If the first non-empty line is not valid it is assumed to be the header.

Working Time
- The time available to do the test
Training file
- A file with training data (it should contain the features as well as the target which should be predicted). This is optional because the training data can also be provided within the test or just as a link to an external file in the test question. If a file is provided, a link to this file will be shown when a particpant takes this test.
Test file containing features
- A file with test data (it should only contain the features and not the target values).
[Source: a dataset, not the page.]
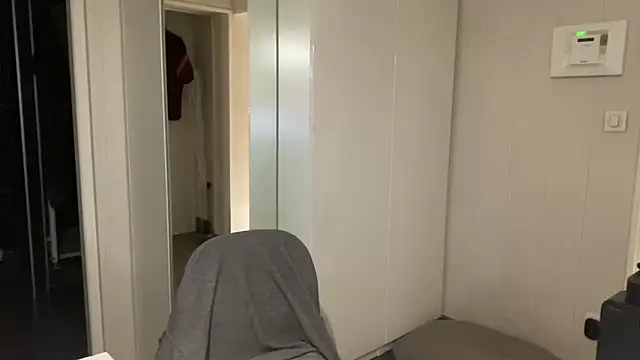 FABIOGLASSES online show from March 8, 2026, 9:40 pm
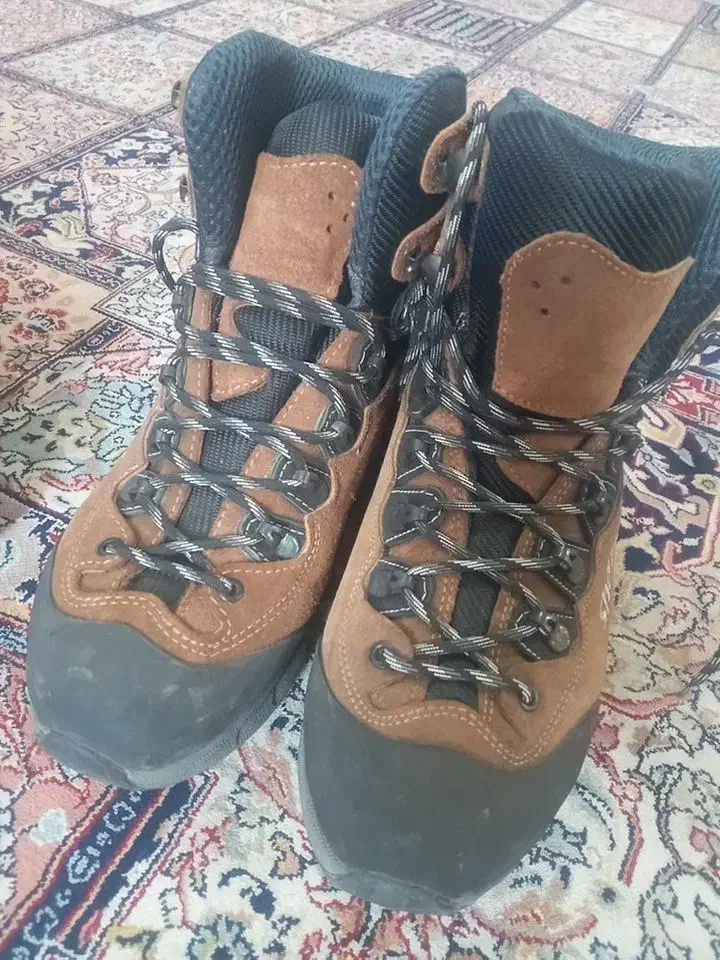 کفش کوهنوردی شر پاه ۳۹|کوهنوردی و کمپینگ|گرگان, |دیوار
It is optional because you could provide it also in a different way (similar to the training file).
Test file containing target
- The only required file which should contain only the target values in csv format (one value per line; last non-empty cell is used as target; empty lines are skipped).
Skip first line
- If the first non empty line of the test file with target should be skipped or not.
Evaluation measure
- Currently nine evaluation measures are implemented (see section "Available evaluation measures").
Expected filename ending
- The expected endings of files which the participant should upload. During upload only files with these endings are shown. Specify them as a comma-separated list of file extensions without the dot (e.g. "doc,xls,odt"). The field can be left empty for no file ending restriction.
Maximum upload size
- The maximum upload size in KB of the participant's submission file.
Points
- The number of points for this question. Depending on how much weight you want to give to this question.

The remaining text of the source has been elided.